Memcached is a general-purpose distributed memory caching system.

Filters API

Filters API provides an endpoint to obtain the filters that are available in the Stack.

Example Application

In this application, we will utilize memcached to cache the response of Nosto's UGC API in raw format and generate an output of it.

The Fun Part

In this guide we will do the following:

  • Install and configure memcached

  • Generate uncached requests

  • Generate cached requests

Install and configure memcached

In this guide we won't be going through installing it as it comes in many variants, however, if you're not familiar there is great info on the Memcached Wiki and PHP Manual.

Generate uncached requests


<?php
// Fetch filters from Nosto's UGC REST API
$filters = getFiltersFromStackla();
echo '<select name="filters">';
foreach ($filters as $id => $name) {
    echo "<option value=\"{$id}\">{$name}</option>";
}
echo '</select>';
// The End

Execute the above code several times, and you will notice that every request generates hits on the Nosto's UGC API, and the API console will indicate that there are now fewer requests available.

Generate cached requests

Note on getFiltersFromStackla()

Before we do anything, we assume that there is a function named getFiltersFromStackla that retrieves the raw JSON from the Stack and processes it into an associative array (id=>name). Details on how to acquire the Filters are covered in this guide, although the effort to wrap the task in the getFiltersFromStackla is left as a separate exercise.
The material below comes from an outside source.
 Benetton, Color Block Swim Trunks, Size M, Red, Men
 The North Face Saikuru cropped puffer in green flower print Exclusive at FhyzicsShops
Connect to and query Memcached

The following code is a sample of how to connect to the memcached server.

$mc = new Memcache();
// Modify this for your server
$mcHost = 'localhost';
$mcPort = 11211;
$mcPresist = true;
$mcWeight = 1;
$mcTimeout = 1;

// Add a Memcached server to the connection pool
$mc->addServer($mcHost, $mcPort, $mcPresist, $mcWeight, $mcTimeout);

// Connect to Memcached server
$mc->connect($mcHost, $mcPort);

Now that we have a connection, we can query for particular data, and if not found, store the data itself. memcached is a key-value store, so we will need a unique key to store the data.

if ($mc->get('filters')) {
    // Get cached value
    $filters = $mc->get('filters');
} else {
    // Fetch filters from Nosto's UGC REST API
    $filters = getFiltersFromStackla();
    // Cache filters for the next 30 seconds
    $mc->set('filters', $filters, time() + 30);
}

<?php
$mHost = 'localhost';
$mPort = 11211;
$mPresist = TRUE;
$mWeight = 1;
$mTimeout = 1;
$m = new Memcache();
// Add a Memcached server to the connection pool
$m->addServer ( $mHost, $mPort, $mPresist, $mWeight, $mTimeout);
// Connect to the Memcached server
$m->connect($mHost, $mPort);
// Check if the filters result is in Memcached
if ($m->get('filters')) {
    // Get cached value
    $filters = $m->get('filters');
} else {
    // Fetch filters from Nosto's UGC REST API
    $filters = getFiltersFromStackla();
    // Cache filters for 30 seconds minute
    $m->set('filters', $filters, time() + 30);
}
echo '<select name="filters">';
foreach ($filters as $id => $name) {
    echo "<option value=\"{$id}\">{$name}</option>";
}
echo '</select>';
// The End

After executing this code, you will notice that the first request reduces the allowed requests in the console, however for the following 30 seconds, subsequent hits do not. This is the effect of the cache.

Summary and Next Steps

This example can be further expanded with the following activities:

  • Caching other Nosto's UGC endpoints

  • Caching Filter content after dynamically changing Filter settings (personalized content)